The same thing is happening today — and that is our true enemy. The poison of the radical Islamic fantasy ideology is being spread all over the Muslim world through schools and through the media, through mosques and through the demagoguery of the Arab street. In fact, there is no better way to grasp the full horror of the poison than to listen as a Palestinian mother offers her four-year-old son up to be yet another victim of this ghastly fantasy.
Once we understand this, many of our current perplexities will find themselves resolved. Pseudo-issues such as debates over the legitimacy of “racial profiling” would disappear: Does anyone in his right mind object to screening someone entering his country for signs of plague? Or quarantining those who have contracted it? Or closely monitoring precisely those populations within his country that are most at risk?

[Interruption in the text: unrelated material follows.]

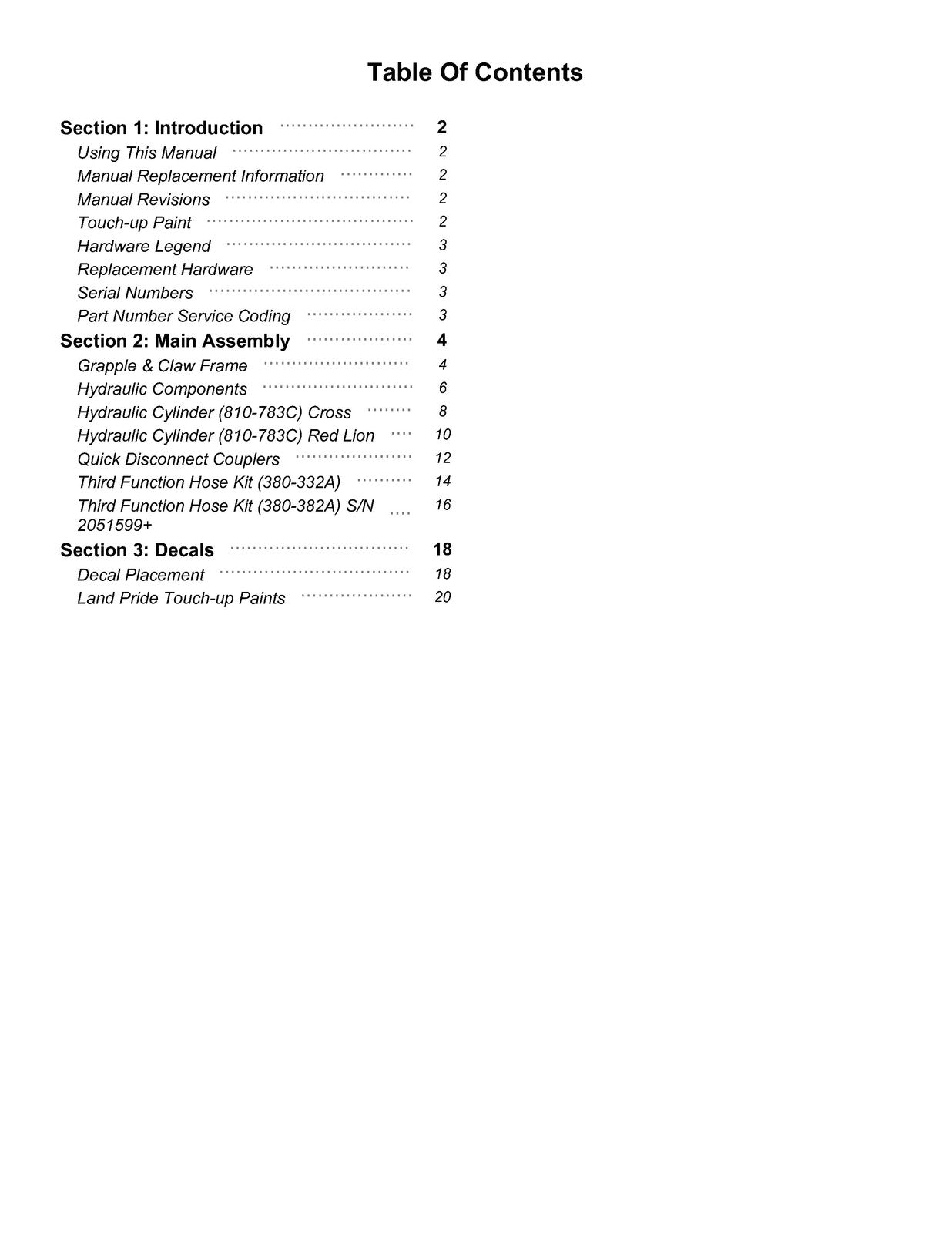 LAND PRIDE SGC15 Series Claw Grapples Parts Manual 2025 - WIRE BOUND - COVERS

Let there be no doubt about it. The fantasy ideologies of the twentieth century were plagues, killing millions and millions of innocent men, women, and children. The only difference was that the victims and targets of such fantasy ideologies so frequently refused to see them for what they were, interpreting them as something quite different — as normal politics, as reasonable aspirations, as merely variations on the well-known theme of realpolitik, behaving — tragically enough — no differently from Montezuma when he attempted to decipher the inexplicable enigma posed by the appearance of the Spanish conquistadors. Nor did the fact that his response was entirely human make his fate any less terrible.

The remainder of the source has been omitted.